Comcast’s decision to spin off most of its linear assets paves the way for similar moves by its legacy media peers.
An analysis of catalog demand share by release type underscores why NBC and Bravo are so valuable to NBCUniversal: both significantly over perform in audience demand, solidifying their importance to Comcast's entertainment strategy.
While NBCUniversal’s linear networks still generate valuable free cash flow, their declining status makes a spinoff a logical step. Retaining top-performing networks like NBC and Bravo ensures they can continue fueling Peacock’s growth.
This move allows NBCU to leverage its premium linear strengths while offloading under performers that could weigh down its share price as the pay-TV market continues to shrink.

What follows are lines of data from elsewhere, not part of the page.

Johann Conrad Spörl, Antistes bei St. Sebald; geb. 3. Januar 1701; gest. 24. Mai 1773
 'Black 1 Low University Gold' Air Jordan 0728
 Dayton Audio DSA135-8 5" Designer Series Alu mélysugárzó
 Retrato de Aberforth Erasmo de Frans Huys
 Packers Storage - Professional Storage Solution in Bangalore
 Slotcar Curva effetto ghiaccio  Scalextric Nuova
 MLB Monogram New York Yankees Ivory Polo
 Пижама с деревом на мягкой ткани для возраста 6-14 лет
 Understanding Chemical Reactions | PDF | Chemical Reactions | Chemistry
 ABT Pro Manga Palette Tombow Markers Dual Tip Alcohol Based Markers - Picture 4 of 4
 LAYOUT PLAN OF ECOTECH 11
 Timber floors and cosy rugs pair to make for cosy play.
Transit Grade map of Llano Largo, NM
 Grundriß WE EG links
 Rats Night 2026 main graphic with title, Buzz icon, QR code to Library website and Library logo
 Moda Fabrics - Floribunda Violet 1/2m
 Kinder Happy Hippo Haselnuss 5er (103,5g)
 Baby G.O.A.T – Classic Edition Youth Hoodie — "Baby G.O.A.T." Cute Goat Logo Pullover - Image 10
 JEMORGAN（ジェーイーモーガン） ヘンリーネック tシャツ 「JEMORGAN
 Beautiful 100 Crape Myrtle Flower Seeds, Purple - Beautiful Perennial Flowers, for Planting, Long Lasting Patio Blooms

Audience Demand by Release Type
- Broadcast series, mostly from NBC, accounted for 12.9% of the supply for series available on Peacock in Q3 2024, and 36.1% of the demand. This means demand for broadcast series over-performed supply by a margin of 2.8x.
- Meanwhile, cable accounted for 34.1% of the series available on Peacock and 38.7% of the audience demand. While this is still a positive ROI, it represents an over-performance of just 1.1x.
- Separating out Bravo further demonstrates its value to the future of NBCU. The reality powerhouse accounted for 5.7% of supply share, and 9.8% of demand share, an over-performance of 1.72x.
- Peacock originals were underwater when comparing demand to supply, with a ratio of 0.88x.
- NBCU’s decision to focus on monetizing the broad reach of broadcast — especially sports rights — while cutting its cable losses is one that will be closely watched and likely followed by Warner Bros. Discovery, Paramount, and Disney in 2025.